Damals ahnte ich nicht, dass das Beste daran, dass ich mein Knie wieder in Form gebracht hatte, nicht die Olympiade sein würde – es hatte überhaupt nichts mit Turnen zu tun. Das Beste war, dass ich wieder tanzen und weiter im Studio meiner Mom trainieren konnte.

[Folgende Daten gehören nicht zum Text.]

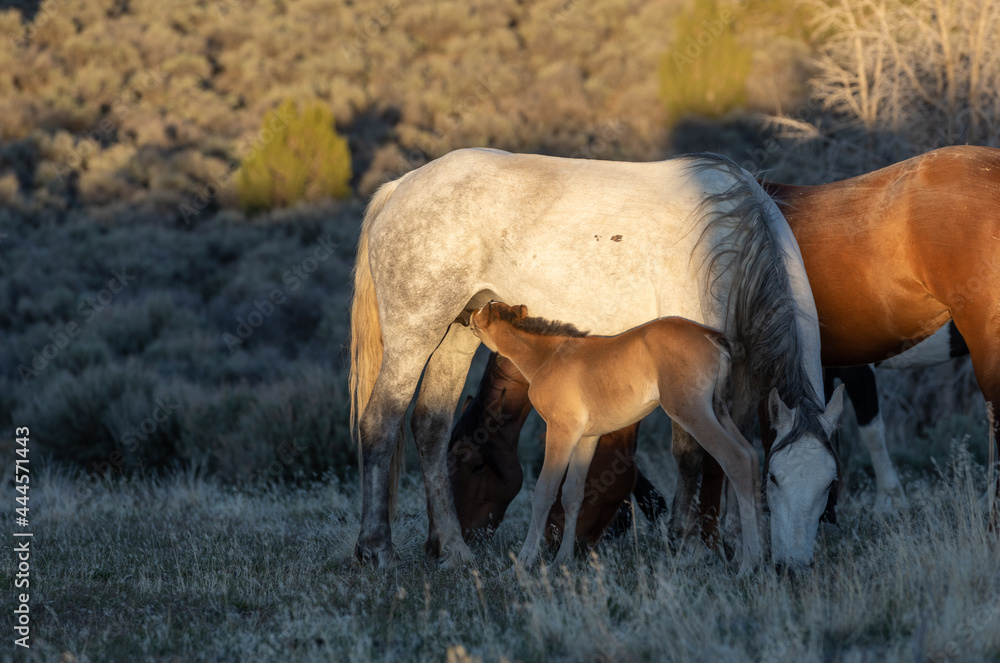 Poster Wild Horse Mare and Foal in the Utah Desert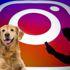 Instagram'da paylaşılan 'Save a dog' bağışı nedir, nasıl yapılır? Instagram'da paylaşılan 'Save a dog' bağışı nedir, nasıl yapılır?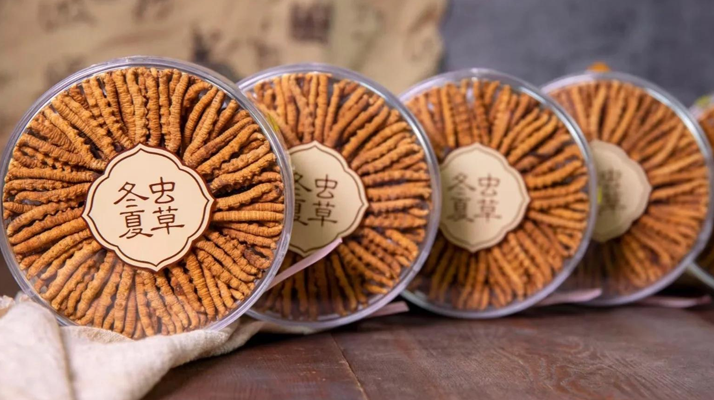 把握黃金時段！冬蟲夏草在這些時候吃效果更佳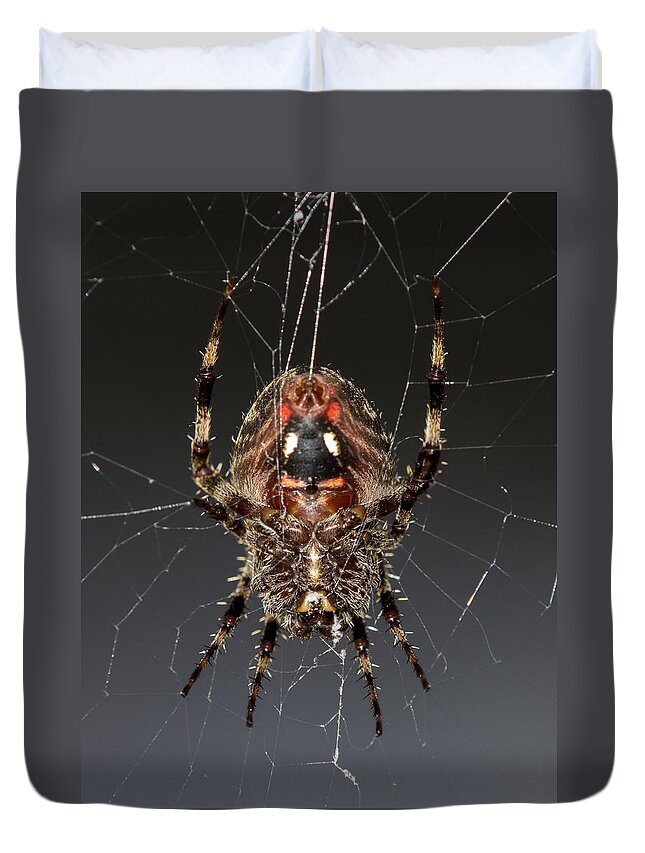 Orb Duvet Cover featuring the photograph Orb weaver belly by Shawn Jeffries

Denn das bedeutete, dass ich zur richtigen Zeit am richtigen Ort war, als ein gewisses fünfzehnjähriges Mädchen mit langem blondem Haar plötzlich dort auftauchte.
KAPITEL 2
Lisa Haapaniemi fiel mir sofort auf – wegen ihrer langen blonden Haare und ihres geschmeidigen Körpers, besonders aber wegen des gleichgültigen Gesichtsausdrucks, mit dem sie regelmäßig an mir vorbeilief. Im Gegensatz zu den anderen Mädchen tat sie so, als sei ich gar nicht im Zimmer, und sah mir auch nie in die Augen. Als sie eines Tages wieder so an mir vorbeiging, dachte ich, es sei an der Zeit, ihre Aufmerksamkeit zu erregen. Ich streckte die Hand aus, zwickte sie in den Po und sagte: »Hallöchen, Süße!« Sie drehte sich abrupt um und starrte mich so verächtlich an, als hätte ich gerade in der Kirche gefurzt.

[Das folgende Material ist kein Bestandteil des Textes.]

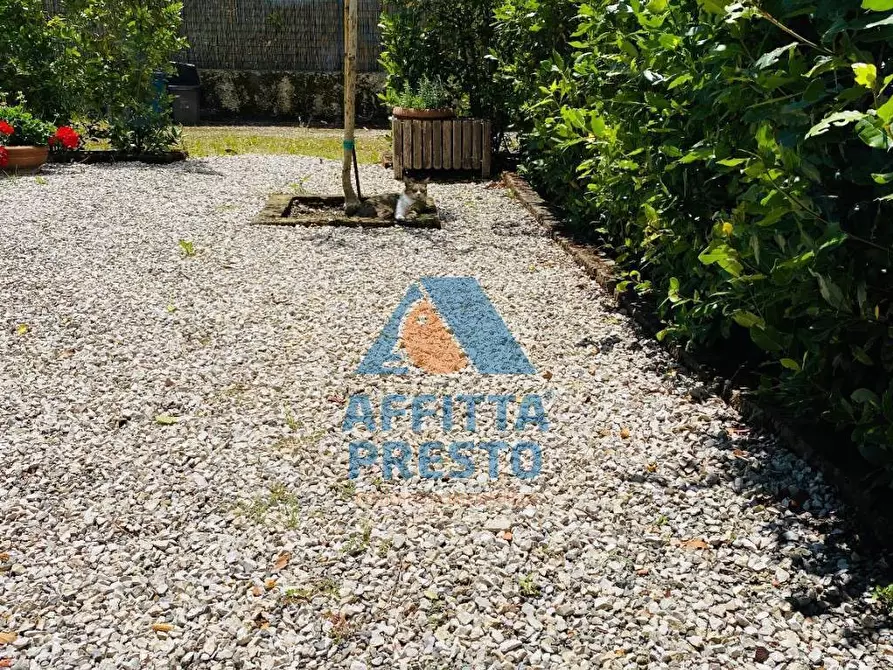 Immagine 13 di Appartamento in affitto  a Pontedera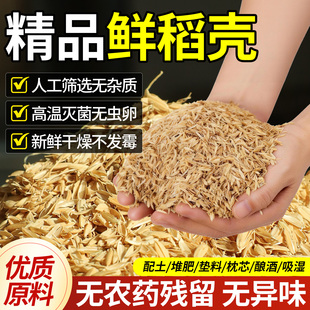 稻壳垫料新鲜谷壳粗糠米糠喂鸡宠物芦丁鸡垫料枕头芯填充酿酒饲料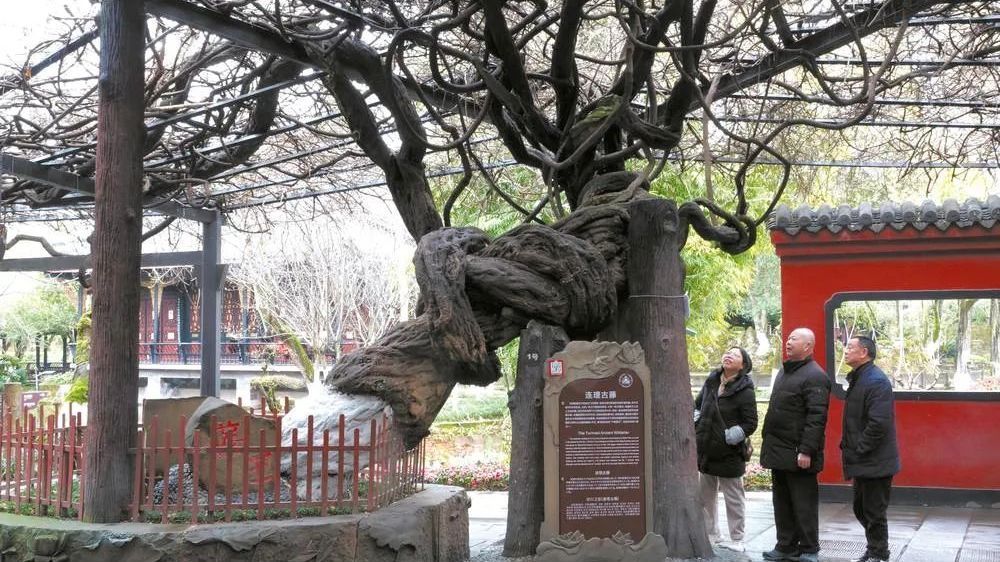 【文史英华】桂湖古藤王 诉不尽500年相思情‖冯荣光 【文史英华】桂湖古藤王 诉不尽500年相思情‖冯荣光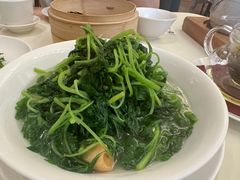 -利苑酒家(金宝店)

Zu meiner Verteidigung muss ich anmerken, dass ich mir nicht viel dabei gedacht hatte. Ich war im Tanzstudio aufgewachsen und hatte die Mädchen dort schon als Dreikäsehoch gezwickt und angeflirtet. Die meisten hatten sich darüber amüsiert, aber Lisa war nicht wie die anderen Mädchen. Außerdem hatte sie gehört, ich sei ein entsetzlicher Angeber, viel zu sehr von mir überzeugt – und eine Art Casanova.
Tatsächlich hatte ich schon ein paar Freundinnen gehabt und ging gern aus, aber ich war noch nie ernsthaft verliebt gewesen, auch wenn ich mir einredete, eine »ältere Frau« habe mir als Junge bereits das Herz gebrochen. Es war so melodramatisch gewesen, wie es bei pubertierenden Jungs üblich ist – ich sah sie einen anderen küssen, als ich dreizehn war. Damals hatte ich Rotz und Wasser geheult und geschworen, nie eine andere zu lieben. Dabei hatte ich keine Ahnung, was Liebe eigentlich bedeutet.
Dass ich ein Angeber war, damit mochte Lisa recht haben, aber der Grund für mein Geprahle war meine tiefe Unsicherheit. Ich konnte nur über Dinge reden, die ich erreicht hatte. Ich war in der Auswahl für die Juniormannschaft der olympischen Turner! Ich war in Houston ein Bühnenstar! Ich rannte schneller und schlug härter zu als alle anderen Jungs in der Stadt! Ich konnte mir nicht vorstellen, dass Menschen mich um meiner selbst willen mögen würden, sondern dachte immer, ich müsse sie mit meiner Leistung für mich gewinnen.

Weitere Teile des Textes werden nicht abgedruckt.